Torre Astura, formerly an island called by the ancients merely Astura (Greek: Ἄστυρα), is now a peninsula in the comune of Nettuno, on the coast of Latium, Italy, at the southeast extremity of the Bay of Antium, on the road to Circeii. The name also belongs to a medieval coastal tower in the same site, as well as to the river which rises at the southern foot of the Alban Hills, and has a course of about 33 km before flowing into the sea immediately to the southeast.

It is called Storas (Στόρας) by Strabo, who tells us that it had a place of anchorage at its mouth. It was on the banks of this obscure stream that was fought, in 338 BCE, the last great battle between the Romans and the Latins, in which the consul Gaius Maenius totally defeated the combined forces of Antium, Lanuvium, Aricia and Velitrae. At a much later period the little island at its mouth, and the whole adjacent coast, became occupied with Roman villas; among which the most celebrated is that of Cicero, to which he repeatedly alludes in his letters, and which he describes as locus amoenus et in maria ipso, commanding a view both of Antium and Circeii, and to which he retired on the death of his daughter Tullia in 45 BCE It was from thence that, on learning his proscription by the triumvirs, he embarked, with the intention of escaping to join Brutus in Macedonia; a resolution which he afterwards abandoned. We learn from Suetonius also that Astura was the occasional resort both of Augustus and Tiberius, but due to its unhealthy climate, both Augustus and Tiberius contracted here the illnesses which proved fatal to them. Existing remains prove that many of the Roman nobility must have had villas there.
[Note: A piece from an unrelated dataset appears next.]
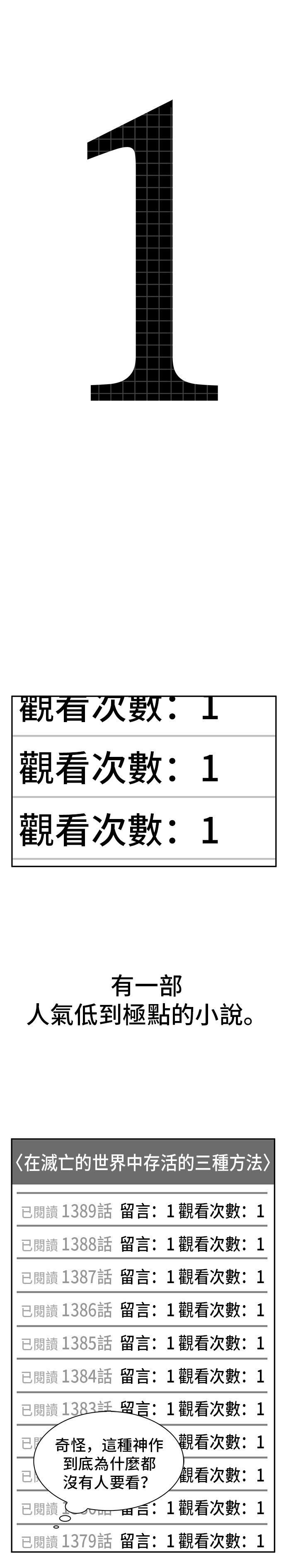 全知读者视角第00话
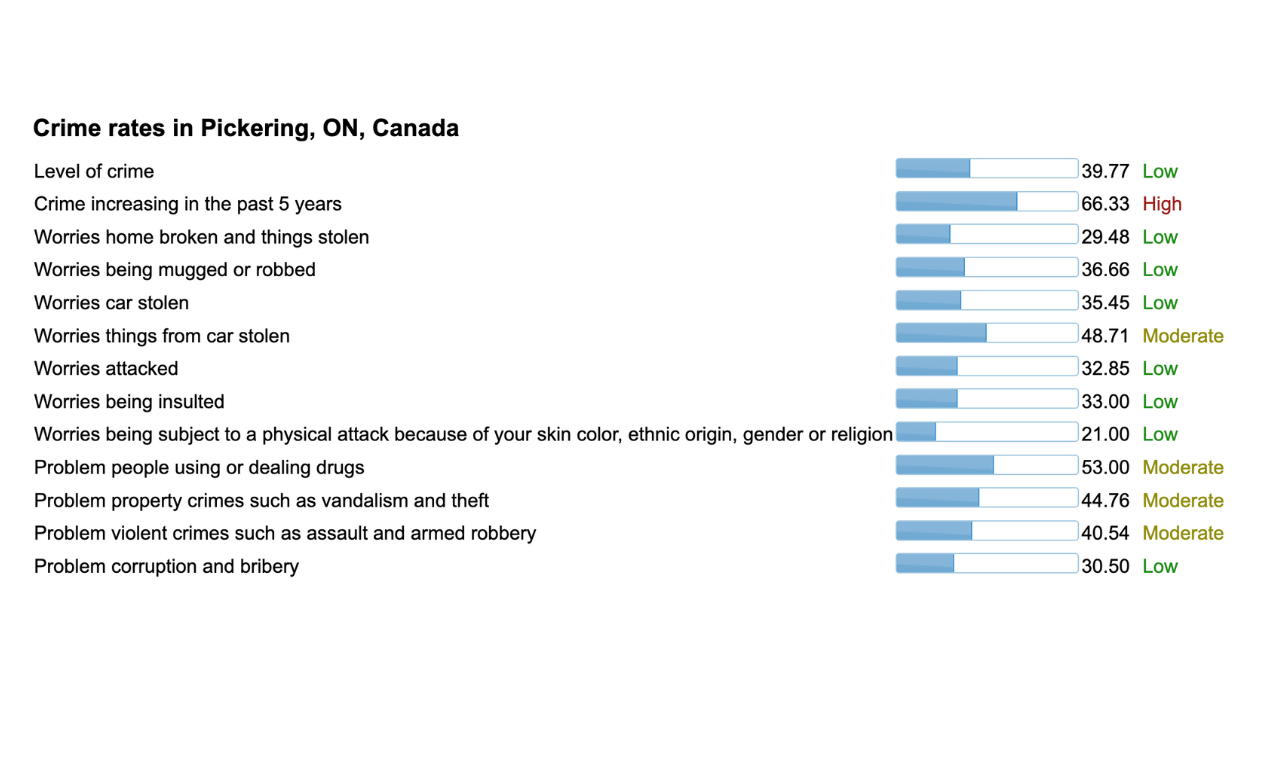Crime stats Pickering Crime stats Pickering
There is scholarly conflict as to whether there was a town of the name, as asserted by Servius. Up to 1911, the remains of only one villa had been found on the island itself, but along the coast c. 1.5 km to the north-west a line of villas begins, which continues as far as Antium. To the south-east, on the other hand, remains are almost entirely absent, and this portion of the coast seems to have been sparsely populated in Roman times.